De manera que no hace falta otro Dios, sino esclarecer al mismo Dios en una nueva imagen que haga ver la estrecha conexión entre la trascendencia e inmanencia de Dios y su íntimo nexo con el destino humano. La consecuencia de esta nueva imagen sería de inmediato devolverle al hombre el protagonismo de su propia historia, haciéndolo rechazar toda pasividad ante la autoridad y potenciando su lucha por un orden social justo. Orden que brilla por su ausencia en la presente crisis desatada en Europa y Estados Unidos por la megacorporaciones financieras, y cuyo peso de una posible solución se hace recaer sobre los hombros de los inocentes ciudadanos. Esta pobreza que nace del abuso no sólo debe pagarla el capital y no los trabajadores, sino que será siempre recurrente dentro de un sistema cuyo valor máximo no es la persona sino la ganancia.

Entonces, si lo más profundo del problema del sentido de la vida es su dimensión metafísica en consecuencia se puede afirmar que recuperar el sentido de la vida atraviesa por la recuperación de la metafísica; pero recuperar la metafísica equivale a romper con el dios inmanente, del idealismo panteísta, y con el criterio de univocidad del ser, que está detrás de este concepto. Todo lo cual significa que la recuperación del sentido de la vida en la modernidad tardía, exige a ésta dejar atrás su supuesto fundamental: la autarquía absoluta de la realidad humana. Pero junto a ésta superación se debe dar la reafirmación de la trascendencia, la cual devuelve a Dios y a la criatura a sus respectivos órdenes (eternidad-temporalidad).

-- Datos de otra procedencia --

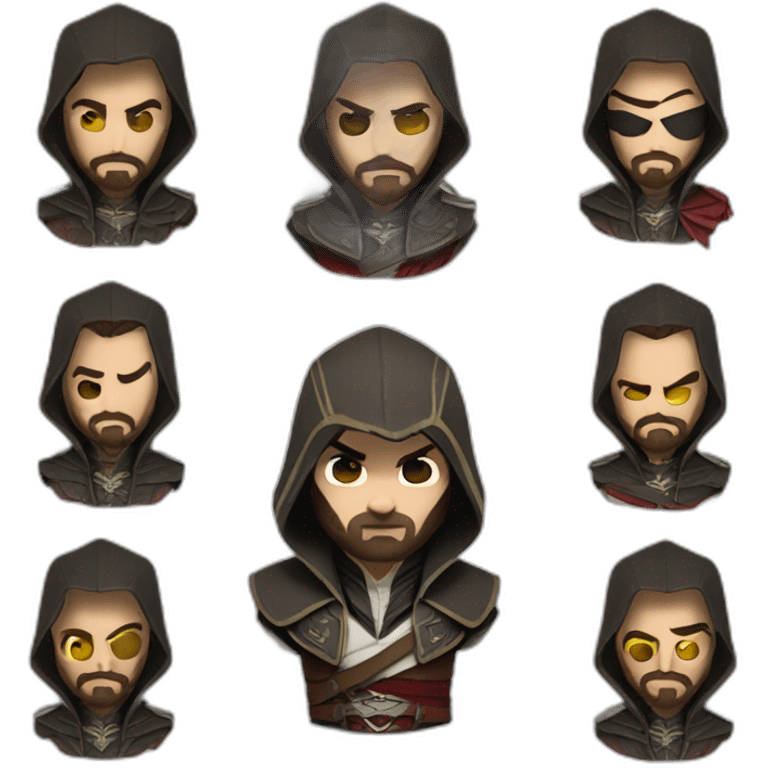 Assassin's creed Enzo dj emoji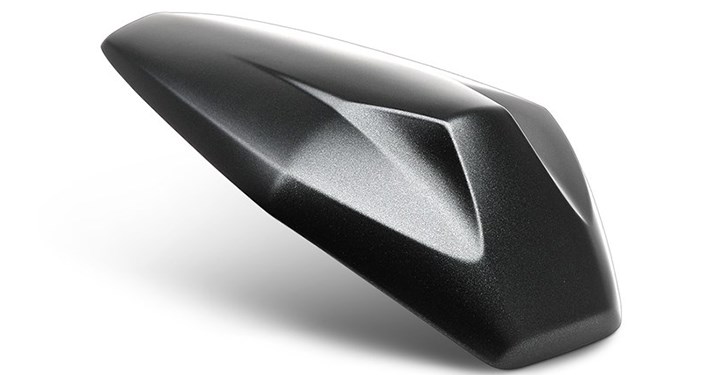 Solo Seat Cowl Assembly, Metallic Matte Graphene Steel Gray detail photo 1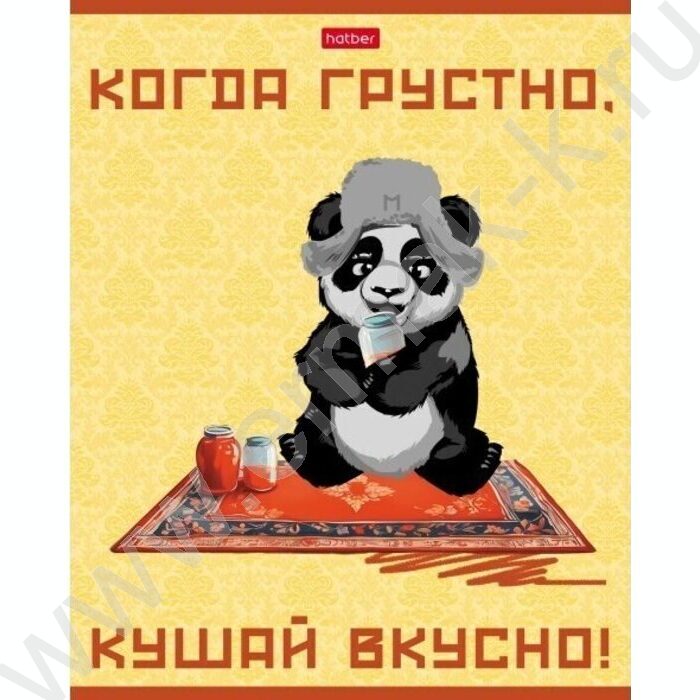 Тетрадь  48л клетка "Мудрая панда" 5видов | Фото 3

Pero esta reafirmación de la trascendencia carece completamente de sentido sin enfatizar la manifestación inmanente de Dios, lo que ennoblece la lucha humana por divinizar la vida en la tierra. La trascendencia del paganismo es alienante porque desestima el mundo de la inmanencia. En cambio la trascendencia del cristianismo lejos de alienar a su criatura que es libre, hace posible un humanismo con Dios, porque es una trascendencia que encuentra en la inmanencia un lugar especial, a saber, el de la muerte y resurrección de Dios mismo. De entre todos los entes, es el hombre la única criatura que se plantea el problema de Dios, y es así porque él mismo tiene también, a semejanza de su Creador, una dimensión inmanente y trascendente. Es parte de los dos mundos y debe vivir ambos en conexión. Recortarlos es no sólo regresionar al panteísmo unívoco, sino, desconocer que su vida sólo tiene pleno sentido como finitud plantada en lo absoluto.

Si Dios es una infinitud enraizada en lo finito, el hombre es una finitud arraigada en lo infinito. Aquel que sólo ve a Dios en el topos uranus no ve a Dios, porque Dios está especialmente en su creación y en el prójimo. No se puede amar a Dios sin amar a sus criaturas, de lo contrario se incurre en escapismo gnóstico o en la horizontalidad inmanente de la modernidad unívoca. La modernidad aspirando a reivindicar lo terrenal ha negado su contenido trascendental y el resultado ha sido la relativización y trivialización de lo inmanente en una vida sin sentido.


[1] Como lo hace Rom Harré en su libro 1000 años de filosofía, Santillana, Madrid, 2008.
[2] Ibid, 29, 44.
[3] Véase mi libro: Nihilización del deus in terris, IIPCIAL, Lima, 2008.